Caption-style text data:
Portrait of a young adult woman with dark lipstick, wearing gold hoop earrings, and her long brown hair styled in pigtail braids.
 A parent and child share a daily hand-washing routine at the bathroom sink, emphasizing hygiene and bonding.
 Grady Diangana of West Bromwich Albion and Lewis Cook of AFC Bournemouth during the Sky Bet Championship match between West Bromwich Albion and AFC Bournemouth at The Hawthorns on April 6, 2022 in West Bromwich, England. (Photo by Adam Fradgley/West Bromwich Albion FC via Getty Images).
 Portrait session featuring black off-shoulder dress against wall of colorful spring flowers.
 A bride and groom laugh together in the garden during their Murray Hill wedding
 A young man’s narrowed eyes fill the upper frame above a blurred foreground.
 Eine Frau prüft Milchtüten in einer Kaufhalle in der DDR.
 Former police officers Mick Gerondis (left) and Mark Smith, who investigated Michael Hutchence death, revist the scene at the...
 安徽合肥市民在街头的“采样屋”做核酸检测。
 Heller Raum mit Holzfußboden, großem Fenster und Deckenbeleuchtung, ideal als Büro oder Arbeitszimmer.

Work instruction:
The answer must be exactly the lines from the one containing "A young man’s" through the final line of the data, both ends included, and nothing else.

Answer for this exercise:
 A young man’s narrowed eyes fill the upper frame above a blurred foreground.
 Eine Frau prüft Milchtüten in einer Kaufhalle in der DDR.
 Former police officers Mick Gerondis (left) and Mark Smith, who investigated Michael Hutchence death, revist the scene at the...
 安徽合肥市民在街头的“采样屋”做核酸检测。
 Heller Raum mit Holzfußboden, großem Fenster und Deckenbeleuchtung, ideal als Büro oder Arbeitszimmer.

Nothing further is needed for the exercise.